> **WORK ORDER**: Leave out the pictures and output exactly the lines below from the one with "Französische Kräfte, die" down to the one with "Luxe Legacy Zoot Zebra Bomber Jacket", both of them included.

[RECORDS SHOWN]

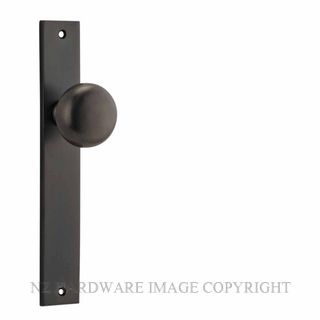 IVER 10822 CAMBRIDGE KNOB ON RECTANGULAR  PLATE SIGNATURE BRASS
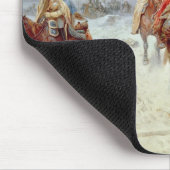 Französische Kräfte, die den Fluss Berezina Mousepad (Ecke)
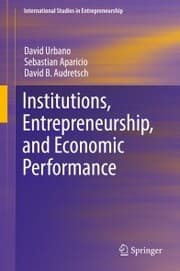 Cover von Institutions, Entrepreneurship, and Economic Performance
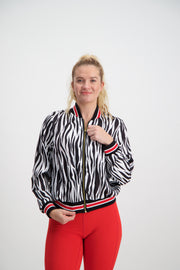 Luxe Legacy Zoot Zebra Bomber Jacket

[/RECORDS SHOWN]
[RECORDS SHOWN]

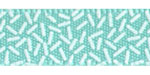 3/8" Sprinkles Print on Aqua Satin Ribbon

[/RECORDS SHOWN]

> **SOLUTION**:
 Französische Kräfte, die den Fluss Berezina Mousepad (Ecke)
 Cover von Institutions, Entrepreneurship, and Economic Performance
 Luxe Legacy Zoot Zebra Bomber Jacket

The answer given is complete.